**** Given records ****

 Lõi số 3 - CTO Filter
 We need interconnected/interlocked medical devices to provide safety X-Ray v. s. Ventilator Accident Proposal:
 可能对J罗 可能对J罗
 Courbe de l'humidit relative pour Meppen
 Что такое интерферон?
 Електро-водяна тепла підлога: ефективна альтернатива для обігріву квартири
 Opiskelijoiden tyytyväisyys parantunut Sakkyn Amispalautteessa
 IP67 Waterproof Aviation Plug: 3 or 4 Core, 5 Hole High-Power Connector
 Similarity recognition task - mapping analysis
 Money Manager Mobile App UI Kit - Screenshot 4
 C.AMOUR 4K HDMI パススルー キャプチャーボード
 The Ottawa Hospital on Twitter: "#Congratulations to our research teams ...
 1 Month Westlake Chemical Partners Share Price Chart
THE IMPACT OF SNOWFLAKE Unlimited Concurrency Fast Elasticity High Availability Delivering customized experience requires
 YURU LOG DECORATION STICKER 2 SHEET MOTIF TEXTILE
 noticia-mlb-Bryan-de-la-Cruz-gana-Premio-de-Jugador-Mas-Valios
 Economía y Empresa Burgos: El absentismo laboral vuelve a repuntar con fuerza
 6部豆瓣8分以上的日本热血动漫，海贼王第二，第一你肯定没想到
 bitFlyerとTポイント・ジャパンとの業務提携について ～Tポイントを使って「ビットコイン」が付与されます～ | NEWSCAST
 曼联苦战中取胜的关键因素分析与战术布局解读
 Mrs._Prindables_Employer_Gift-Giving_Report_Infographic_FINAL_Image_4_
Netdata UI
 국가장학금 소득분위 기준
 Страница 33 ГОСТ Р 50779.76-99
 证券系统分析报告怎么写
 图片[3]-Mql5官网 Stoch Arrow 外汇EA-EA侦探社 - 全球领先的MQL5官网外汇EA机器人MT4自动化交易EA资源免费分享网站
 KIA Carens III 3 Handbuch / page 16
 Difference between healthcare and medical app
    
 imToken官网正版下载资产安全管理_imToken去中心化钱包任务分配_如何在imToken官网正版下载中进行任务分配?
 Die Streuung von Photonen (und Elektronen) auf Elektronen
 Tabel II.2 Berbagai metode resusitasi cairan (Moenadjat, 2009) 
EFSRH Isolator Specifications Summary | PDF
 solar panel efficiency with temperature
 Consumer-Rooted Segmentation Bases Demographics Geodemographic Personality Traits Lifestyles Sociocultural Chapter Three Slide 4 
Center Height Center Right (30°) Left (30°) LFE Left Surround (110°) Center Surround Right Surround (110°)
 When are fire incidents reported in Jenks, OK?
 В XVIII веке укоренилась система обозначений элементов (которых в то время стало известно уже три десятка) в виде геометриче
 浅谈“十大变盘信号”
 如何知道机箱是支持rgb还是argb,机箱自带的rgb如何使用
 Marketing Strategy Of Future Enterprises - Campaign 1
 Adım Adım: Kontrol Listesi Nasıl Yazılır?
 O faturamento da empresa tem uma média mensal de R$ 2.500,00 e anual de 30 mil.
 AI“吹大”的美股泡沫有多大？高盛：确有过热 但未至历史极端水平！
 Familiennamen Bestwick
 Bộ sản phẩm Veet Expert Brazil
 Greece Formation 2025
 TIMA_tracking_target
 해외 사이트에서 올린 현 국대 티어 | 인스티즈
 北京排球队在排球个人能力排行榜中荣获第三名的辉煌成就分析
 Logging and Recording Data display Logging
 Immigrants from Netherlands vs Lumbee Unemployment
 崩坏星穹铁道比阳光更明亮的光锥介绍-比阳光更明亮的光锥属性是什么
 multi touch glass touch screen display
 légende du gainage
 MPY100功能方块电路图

****

Required action: Your task is to retype the entries verbatim, starting with the line that holds "Die Streuung von" and stopping after the line that holds "Greece Formation 2025".

Response to the exercise:
 Die Streuung von Photonen (und Elektronen) auf Elektronen
 Tabel II.2 Berbagai metode resusitasi cairan (Moenadjat, 2009) 
EFSRH Isolator Specifications Summary | PDF
 solar panel efficiency with temperature
 Consumer-Rooted Segmentation Bases Demographics Geodemographic Personality Traits Lifestyles Sociocultural Chapter Three Slide 4 
Center Height Center Right (30°) Left (30°) LFE Left Surround (110°) Center Surround Right Surround (110°)
 When are fire incidents reported in Jenks, OK?
 В XVIII веке укоренилась система обозначений элементов (которых в то время стало известно уже три десятка) в виде геометриче
 浅谈“十大变盘信号”
 如何知道机箱是支持rgb还是argb,机箱自带的rgb如何使用
 Marketing Strategy Of Future Enterprises - Campaign 1
 Adım Adım: Kontrol Listesi Nasıl Yazılır?
 O faturamento da empresa tem uma média mensal de R$ 2.500,00 e anual de 30 mil.
 AI“吹大”的美股泡沫有多大？高盛：确有过热 但未至历史极端水平！
 Familiennamen Bestwick
 Bộ sản phẩm Veet Expert Brazil
 Greece Formation 2025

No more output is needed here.